Reputation: 43
I'm new to ES and am looking to create a searchable catalogue of products for users but I can't work out the way to encode different users having bought the same products.
I have an index full of products, and these products may have been bought multiple times by different users which I have represented using nesting. Some products have entries for all users, some will have none.
I need to create the ability to search the products and have products that the particular user has bought get higher scoring over others. My issue is that I don't know how to pull out this field inside the field_value_factor function as it may not exist for all products.
My closest try so far (thanks to Val) is:
{
"query": {
"bool": {
"should": [
{
"multi_match": {
"query": "black toner",
"fields": [
"name",
"description"
],
"tie_breaker": 0.3
}
},
{
"query": {
"function_score": {
"query": {
"bool": {
"must": [
{
"multi_match": {
"query": "black toner",
"fields": [
"name",
"description"
],
"tie_breaker": 0.3
}
},
{
"nested": {
"path": "user",
"query": {
"term": {
"user.userid": "MWUser2"
}
}
}
}
]
}
},
"functions": [
{
"field_value_factor": {
"field": "user.count",
"modifier": "log1p",
"missing": 0
}
}
]
}
}
}
]
}
}
}
The issue here is that I cannot apply the nested``path
to the field_value_factor
, so this is always coming out as 0 and the user specific scoring boost isn't working. When the nested``path
is applied around the entire function_score
the first multi_match
query on description
and name
does not work.
EDIT 1
Another way to do this may be to calculate the scores separately and then combine them. I can do this, but the should
method of combining them will normalise the scores which is not what I want. So instead of doing 0.9 + 4
and 0.5 + 5
I get 0.7+0.7
for both.

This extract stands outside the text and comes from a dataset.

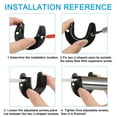 thumbnail image 4 of Uxcell 1.26"Dia Closet Rod Bracket,U Shape Stainless Steel Closet Pole Socket Rod Holder for Closet Wardrobe,6Pack, 4 of 6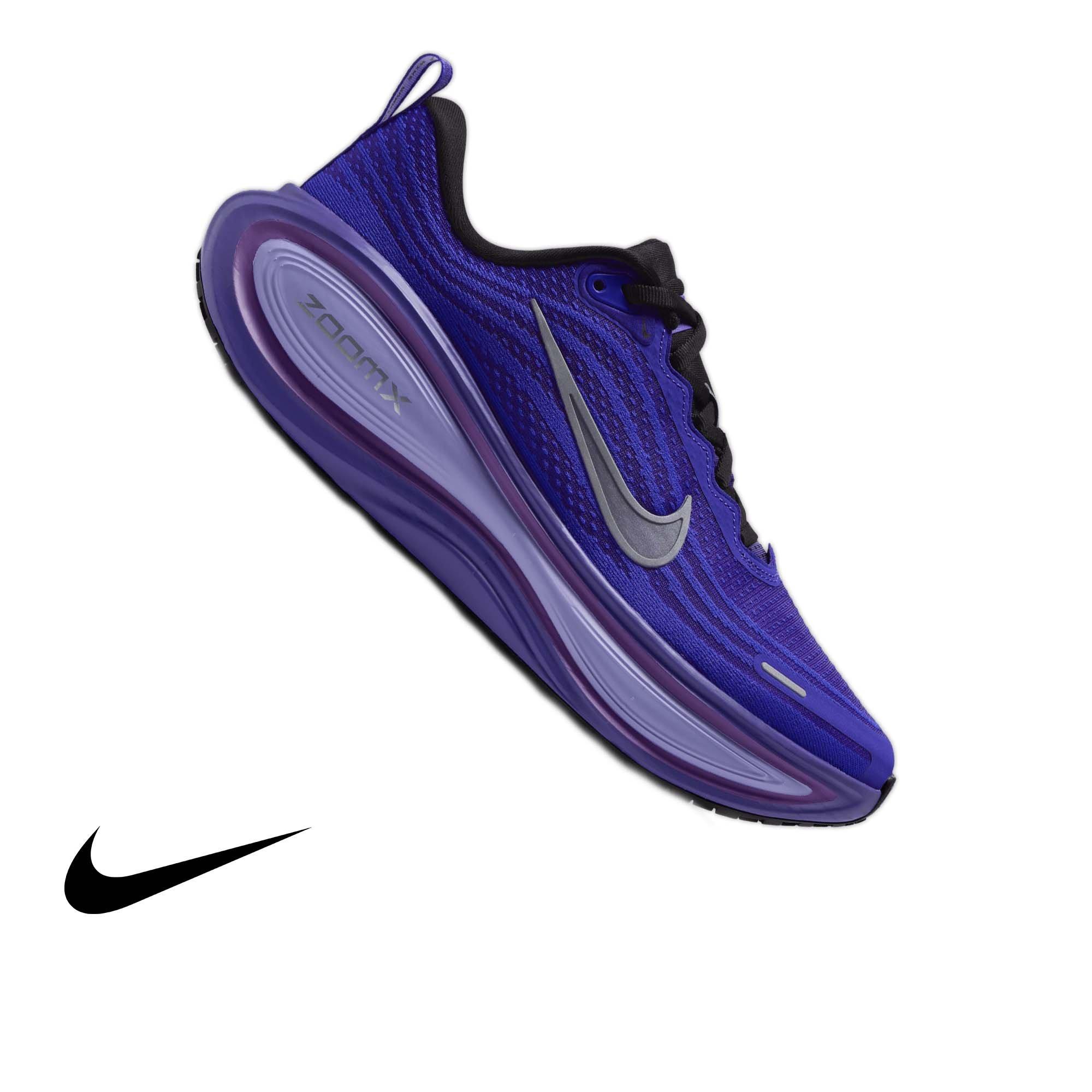 Nike Vomero Plus "Persian Violet" Women's Road Running Shoe - BLACK/METALLIC SILVER/PERSIAN VIOLET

Is there any way around this?
{
"query": {
"bool": {
"should": [
{
"query": {
"multi_match": {
"use_dis_max": false,
"query": "black super quality toner",
"fields": [
"name^3",
"description"
],
"tie_breaker": 0.3
}
}
},
{
"query": {
"nested": {
"path": "user",
"query": {
"function_score": {
"filter": {
"term": {
"user.userid": "MWUser1"
}
},
"functions": [
{
"field_value_factor": {
"field": "user.count",
"modifier": "log1p",
"missing": 0
}
}
]
}
}
}
}
}
]
}
}
}
My mapping is:
{
"mappings": {
"nest_type": {
"properties": {
"id" : {"type":"string"},
"company_code" : {"type":"string"},
"name" : {"type":"string"},
"description" : {"type":"string"},
"virtual_entity" : {"type":"boolean"},
"created_at" : {"type":"date"},
"updated_at" : {"type":"date"},
"user": {
"type": "nested",
"properties": {
"userid": {"type":"string"},
"count": {"type":"short"},
"last_bought": {"type":"date"}
}
},
"@timestamp" : {"type":"date"}
}
}
}
}
Some documents are:
{
"id": "C8061X",
"company_code": "MWCOMPCODE",
"name": "Black LaserJet Toner Cartridge",
"description": "- HP LaserJet C8061 Family Print Cartridges deliver extra sharp black text, smooth greyscales and fine detail in graphics.\n- HP LaserJet C8061 Family Print Cartridges with Smart Printing Technology with in-built reliability and rigorous quality testing ensure maximum printer uptime with minimum user intervention.\n- HP LaserJet C8061 Family Print Cartridges all-in-one design allow effortless installation and maintenance. Smart Printing Technology features monitoring of supplies status and usage information via the printers control panel or web browser.\n",
"virtual_entity": false,
"created_at": "2016-09-21T12:23:53.000Z",
"updated_at": "2016-09-21T12:23:53.000Z",
"user": [
{
"userid": "MWUser1",
"count": 4,
"last_bought": "2016-09-14T12:43:30.000Z"
},
{
"userid": "MWUser2",
"count": 2,
"last_bought": "2016-09-14T10:00:00.000Z"
}
],
"@timestamp": "2016-09-21T13:38:30.077Z"
}
{
"id": "C8061Y",
"company_code": "MWCOMPCODE",
"name": "Black LaserJet Toner Cartridge Super Quality",
"description": "- HP LaserJet C8061 Family Print Cartridges deliver extra quality sharp black text, smooth greyscales and fine detail in graphics.\n- HP LaserJet C8061 Family Print Cartridges with Smart Printing Technology with in-built reliability and rigorous quality testing ensure maximum printer uptime with minimum user intervention.\n- HP LaserJet C8061 Family Print Cartridges all-in-one design allow effortless installation and maintenance. Smart Printing Technology features monitoring of supplies status and usage information via the printers control panel or web browser.\n",
"virtual_entity": false,
"created_at": "2016-09-21T12:23:53.000Z",
"updated_at": "2016-09-21T12:23:53.000Z",
"@timestamp": "2016-09-21T13:38:30.077Z"
}
Upvotes: 0
Views: 1504
Reputation: 43
I ended up doing the below. I ensure the documents satisfy the full-text search, and build up the score as a boosted combination of the full-text score and the log of the count of the user.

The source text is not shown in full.